Now at the Navy Federal Credit Union office where Louis works, he is known as a bit of a jokester who plays practical jokes on the others in the office. Their supervisor has previously mentioned how Sarah really needs to be included in the office group of games and fun to team build and make her feel like part of the team because evidently she is so shy and reserved.

So Louis goes on to tell all the family and friends about how this girl Sarah Broaddus that he works with called in sick to work, but she was not really sick just heartbroken. The supervisor sent out an email about how Sarah is going to be out for the day, but Louis decided to play a practical joke by altering the email message and snapping a picture to send to Sarah. In this email he played with he put in a part about how employees pretending to be sick but the boss knows. He makes it go on about how employees are going to suffer consequences for playing sick when they are not really sick.

He knows Sarah is playing hooky because her bestie KKBFF is in contact with her via texting. So figuring Sarah being the up-tight religious girl that she is, he tells KKBFF to not let the joke go on for too long but to let Sarah know it is a joke before she freaks out. They send this joke mail to Sarah, and she freaks before KKBFF can tell her that it was a joke. Sarah ends up calling the supervisor all upset and worried.

Now when I recalled this particular story, I asked Louis if his new girlfriend that he dumped me (his wife of 14 years and mother of 2 of his children) is the same Sarah he told me about whose boyfriend ran off and left her to become a priest. He confirmed it was indeed. This baffles me.

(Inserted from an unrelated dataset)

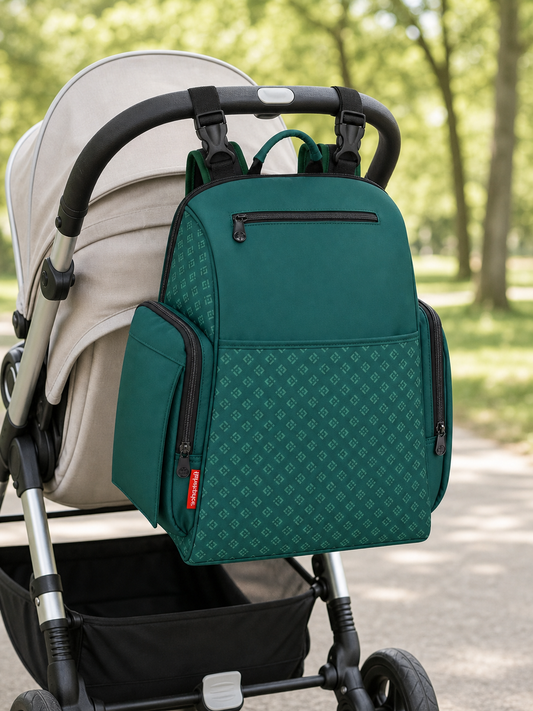 Green Fisher-Price Gemma diaper backpack hanging from a stroller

So I talked to my best friend about it. I told her that evidently this Sarah who stole my husband is the same twit who was dumped by her fiancée to become a priest. That I remember Louis played a joke on her. At which point, Jenn interrupted me to exclaim, “O my God! I remember that story. Louis told us that story when I was there for your birthday. That is who he left you for? He talked about her as if she was such a ding bat ditz. What the hell! Why would he leave you for someone he made fun of like he did back in March?”

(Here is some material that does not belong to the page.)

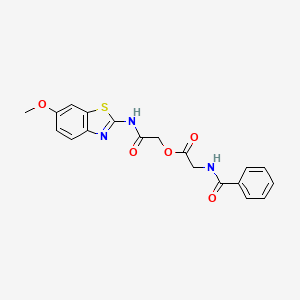 [2-[(6-Methoxy-1,3-benzothiazol-2-yl)amino]-2-oxoethyl] 2-benzamidoacetate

So I am thinking and thinking about his various comments over the past year when I realized, she turned her back on her faith. I remember more recent conversations in which he emphasizes “formerly religious” as if she has turned her back on her faith totally and completely. This would attract Louis as when he and I met he was all about how he was agnostic because while he believed in a higher power, he was not sure which religious group if any had the truth of the higher power. However, over the years, he became more and more atheistic. As time passed in our relationship, he began to put down and mock any religious group he came into contact with. In fact, his anti-religion got so bad that I had to put my foot down about not discussing religion because he would become out right offensive toward me for my own beliefs in God. As far as he was concerned all organized religion was just evil. He would disrespect my right to my own beliefs and hurt my feelings with his hatred of organized religion rather than be willing to accept that I had faith despite his constantly berating of my beliefs.

So of course when a good little Catholic girl gets dumped by her religious fiancée, he mocked it, then when she was easily led away from her faith into the non-belief side of religion, he would be there to guide her on the path to freedom from religious belief. This would also stroke his ego. He always liked to joke about how he could be a cult leader and get his cult to drink the cool-aid. I guess Sarah is his first cult follower.

Obviously, she has self-esteem issues over her fiancée leaving her, while Louis is getting his narcissistic tendencies stroked by her blindly following his guiding her away from religion. Sounds like a match made in heaven or is it hell? I don’t know but I don’t think this is a very healthy relationship in that she is obviously going after a married man just to make herself feel good about losing her fiancée. Does she think she can’t attract a man her own age? Did her fiancée leaving her make her so insecure that she can’t see herself having any chance other than a married man 15 years older than her? Damn that fiancée must have done a real number on her self-esteem.